TASK REQUIREMENTS:
Return verbatim the lines that run from the one holding "Mid-Century Round Rubberwood Side Table" to the end of the listing, both ends included, without the pictures.

MATERIALS PROVIDED:
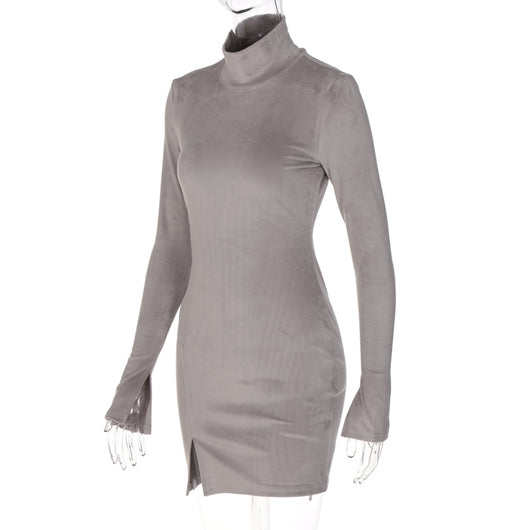 Vestido Elegante de Manga Larga con Cuello Alto y Abertura - Image 26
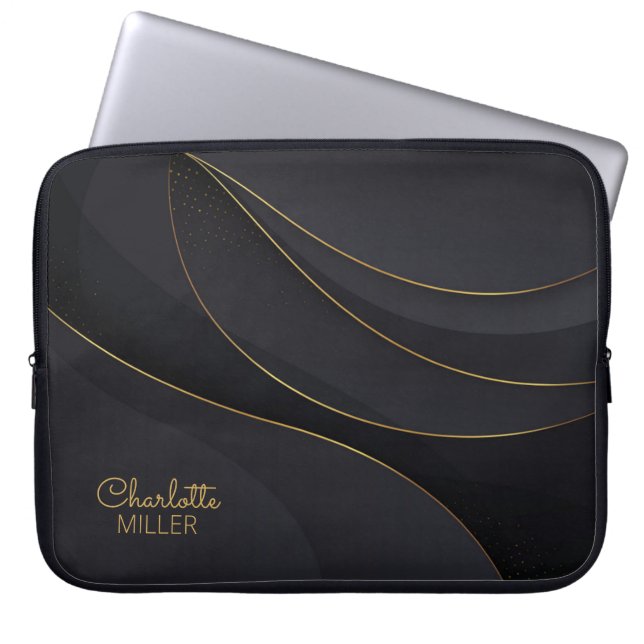 Black-Gold Abstract Lines with Custom Name Laptop Sleeve (Front)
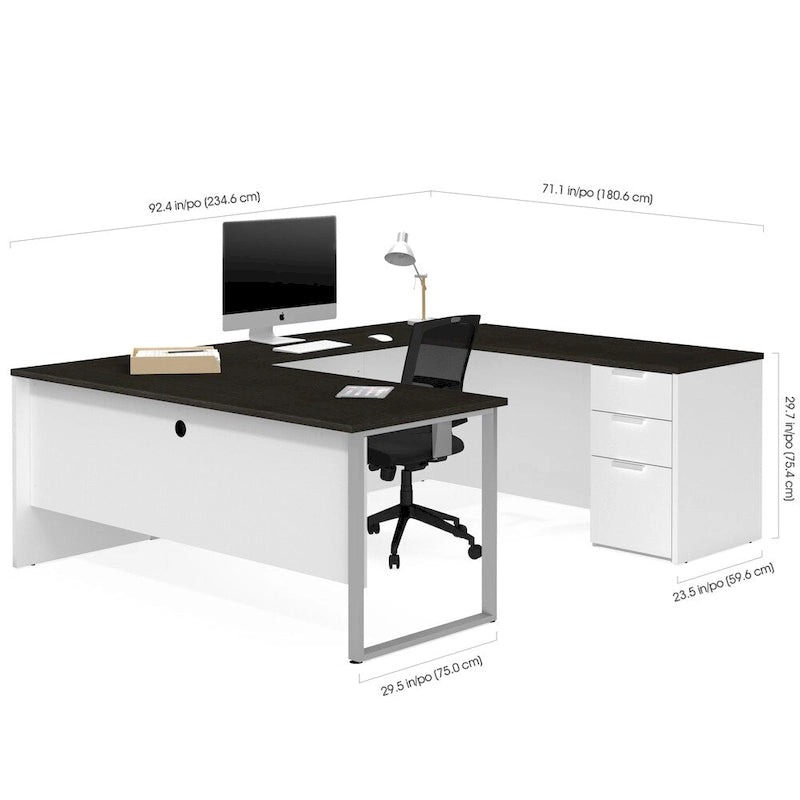 Bureau d'angle en U blanc et gris foncé pour une personne avec caisson de rangement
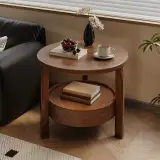 Mid-Century Round Rubberwood Side Table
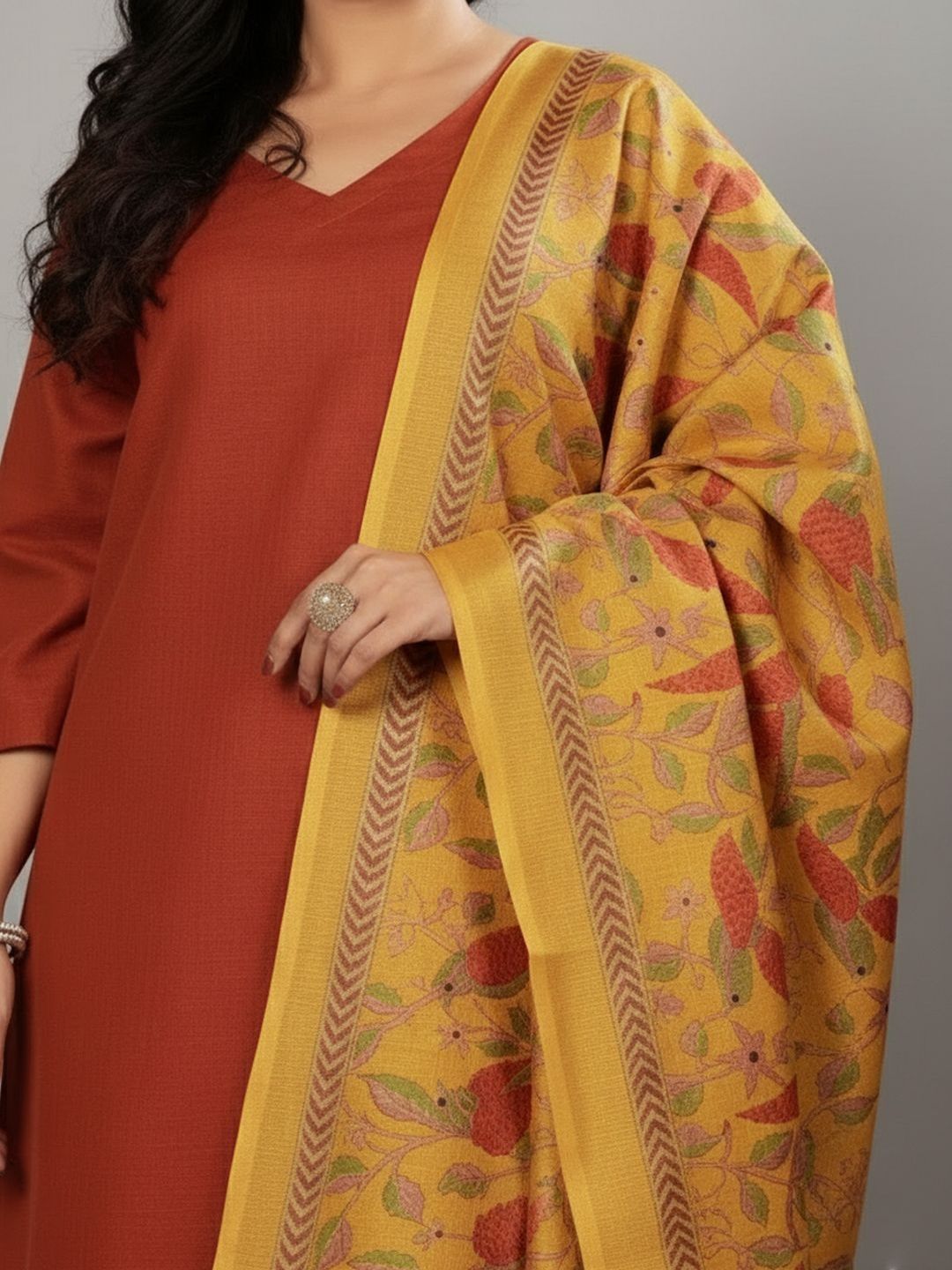 Rust Women Floral Regular Kurta with Trousers & With Dupatta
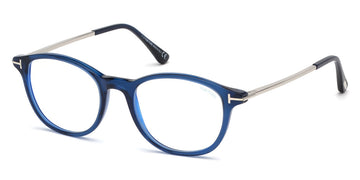 Tom Ford® FT5553-B FT5553-B 090 50 - Shiny Transparent Blue/Shiny Palladium Eyeglasses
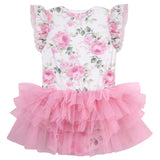 Gracie Floral S/S Tutu Romper- Rose Pink SS22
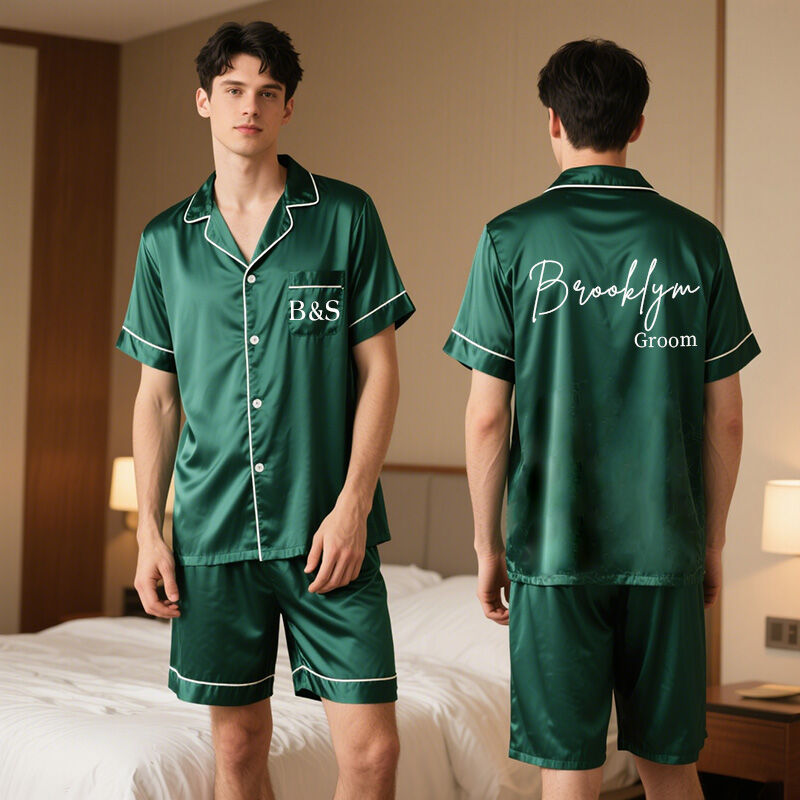 Personalisiertes Pyjama-Set mit individuellen Buchstaben und Namen ein wunderbares Geschenk für Paare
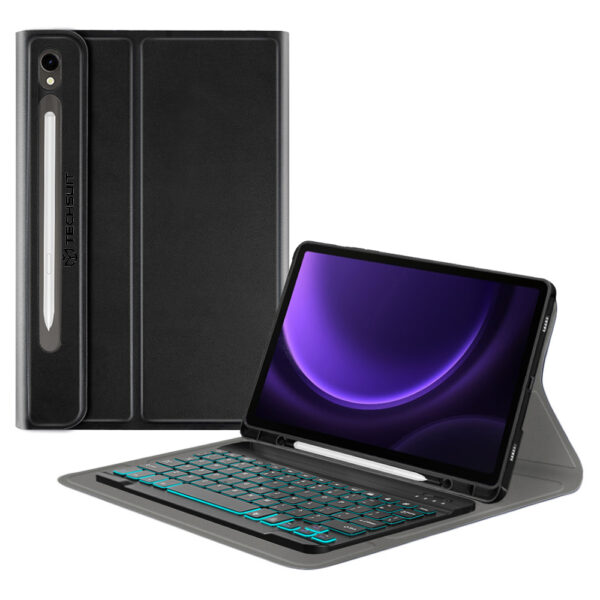Techsuit - CozyTab Case (with Pencil Holder/RGB Wireless Magnetic Keyboard) - Samsung Galaxy Tab S9 FE / S10 FE - Black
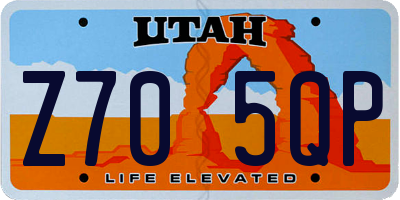 UT license plate Z705QP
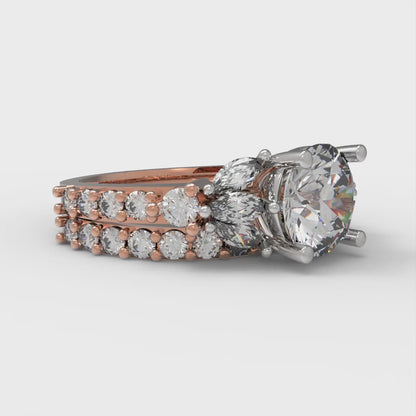 2.94 cttw Round Cut Moissanite Bridal Set - Solid Rose/White Gold Engagement Ring & Wedding Band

THE COMPLETED TASK:
 Mid-Century Round Rubberwood Side Table
 Rust Women Floral Regular Kurta with Trousers & With Dupatta
 Tom Ford® FT5553-B FT5553-B 090 50 - Shiny Transparent Blue/Shiny Palladium Eyeglasses
 Gracie Floral S/S Tutu Romper- Rose Pink SS22
 Personalisiertes Pyjama-Set mit individuellen Buchstaben und Namen ein wunderbares Geschenk für Paare
Techsuit - CozyTab Case (with Pencil Holder/RGB Wireless Magnetic Keyboard) - Samsung Galaxy Tab S9 FE / S10 FE - Black
 UT license plate Z705QP
 2.94 cttw Round Cut Moissanite Bridal Set - Solid Rose/White Gold Engagement Ring & Wedding Band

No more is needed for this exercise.